I also make mental lists of moments that just cannot be fully captured any other way. The way the air feels on my skin, the surrounding sounds, and the smell of a rainstorm are all combined with a visual image. I breathe in, close my eyes, and say “Don’t forget this moment, ever!” I want to have a catalog of moments captured when my body will not allow me to walk into the wilderness, when I can no longer take a boat out into the Jocassee Gorges, when I am sitting in the recliner waiting for someone to stop by, like the people we used to deliver Meals on Wheels to. I want to have my special places memorized so well that I can paint a beautiful picture to any helpless soul caught in my web for just a moment, so that I can replay the familiar scenes that have filled my heart and instantly feel at home wherever I am. This is why everyday with words, photographs, with mental notes filed into the corners of my mind, I make lists.
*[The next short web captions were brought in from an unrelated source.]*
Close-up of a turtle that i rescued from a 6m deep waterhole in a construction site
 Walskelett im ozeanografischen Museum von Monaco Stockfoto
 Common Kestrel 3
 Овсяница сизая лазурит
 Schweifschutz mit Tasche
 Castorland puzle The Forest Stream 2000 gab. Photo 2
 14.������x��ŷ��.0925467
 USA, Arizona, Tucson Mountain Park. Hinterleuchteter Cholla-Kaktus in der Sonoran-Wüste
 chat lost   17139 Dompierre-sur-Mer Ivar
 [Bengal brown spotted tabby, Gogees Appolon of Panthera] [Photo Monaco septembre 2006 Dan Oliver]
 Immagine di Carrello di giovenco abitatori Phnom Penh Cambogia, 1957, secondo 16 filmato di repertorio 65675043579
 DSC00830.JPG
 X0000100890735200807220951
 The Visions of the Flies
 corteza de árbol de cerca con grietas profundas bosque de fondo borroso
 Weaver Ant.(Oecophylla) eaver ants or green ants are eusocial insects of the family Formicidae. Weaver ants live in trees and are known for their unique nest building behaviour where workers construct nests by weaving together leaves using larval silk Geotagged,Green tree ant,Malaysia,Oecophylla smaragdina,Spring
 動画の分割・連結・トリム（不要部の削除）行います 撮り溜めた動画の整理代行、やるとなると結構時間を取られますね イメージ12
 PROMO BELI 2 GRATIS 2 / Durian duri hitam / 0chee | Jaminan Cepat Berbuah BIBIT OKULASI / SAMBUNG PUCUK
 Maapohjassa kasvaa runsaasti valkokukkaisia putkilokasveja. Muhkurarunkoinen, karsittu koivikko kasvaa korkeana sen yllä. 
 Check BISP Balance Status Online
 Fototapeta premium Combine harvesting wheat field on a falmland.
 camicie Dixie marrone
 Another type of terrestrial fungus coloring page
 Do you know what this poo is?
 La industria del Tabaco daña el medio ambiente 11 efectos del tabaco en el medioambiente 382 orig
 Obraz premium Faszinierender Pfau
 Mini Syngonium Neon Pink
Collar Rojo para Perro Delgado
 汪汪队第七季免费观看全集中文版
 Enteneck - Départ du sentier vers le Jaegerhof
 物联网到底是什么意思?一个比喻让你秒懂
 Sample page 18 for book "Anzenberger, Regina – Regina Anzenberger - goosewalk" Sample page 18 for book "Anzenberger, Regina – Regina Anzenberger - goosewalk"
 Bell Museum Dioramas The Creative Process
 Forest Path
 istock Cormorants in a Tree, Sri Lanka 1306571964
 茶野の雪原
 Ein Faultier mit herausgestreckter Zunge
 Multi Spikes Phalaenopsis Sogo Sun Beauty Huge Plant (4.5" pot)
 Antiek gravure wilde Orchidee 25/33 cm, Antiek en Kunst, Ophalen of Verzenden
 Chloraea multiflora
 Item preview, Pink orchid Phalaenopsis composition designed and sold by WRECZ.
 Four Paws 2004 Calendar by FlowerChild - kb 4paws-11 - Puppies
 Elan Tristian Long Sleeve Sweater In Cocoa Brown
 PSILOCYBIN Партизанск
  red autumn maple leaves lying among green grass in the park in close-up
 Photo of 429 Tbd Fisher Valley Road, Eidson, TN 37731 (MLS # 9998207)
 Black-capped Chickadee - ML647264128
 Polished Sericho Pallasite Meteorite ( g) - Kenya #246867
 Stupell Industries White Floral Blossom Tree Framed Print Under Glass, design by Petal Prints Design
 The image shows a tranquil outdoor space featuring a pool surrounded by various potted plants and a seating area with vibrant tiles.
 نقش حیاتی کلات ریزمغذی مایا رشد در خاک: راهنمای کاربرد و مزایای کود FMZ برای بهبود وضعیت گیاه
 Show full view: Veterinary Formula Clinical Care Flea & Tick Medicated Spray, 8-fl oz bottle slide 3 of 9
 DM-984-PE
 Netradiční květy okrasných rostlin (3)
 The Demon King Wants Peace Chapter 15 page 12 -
What would be on your “Do Not Forget!” list?
This past year in the gorges was filled with images and light that I hope I never forget. My favorite memories of the gorges: a barred owl watching my boat glide into Gaddy’s Cove and not flying off. And the sound and site of four cubs with their mother moving through leaves along the shoreline of Howard’s Creek, or me motoring past an Eagle standing on a river rock.
Lovely poem, Tricia. Thank you! My wish for you is that all the memories, the sights and smells and sounds, will live in your heart even if they fade from your mind.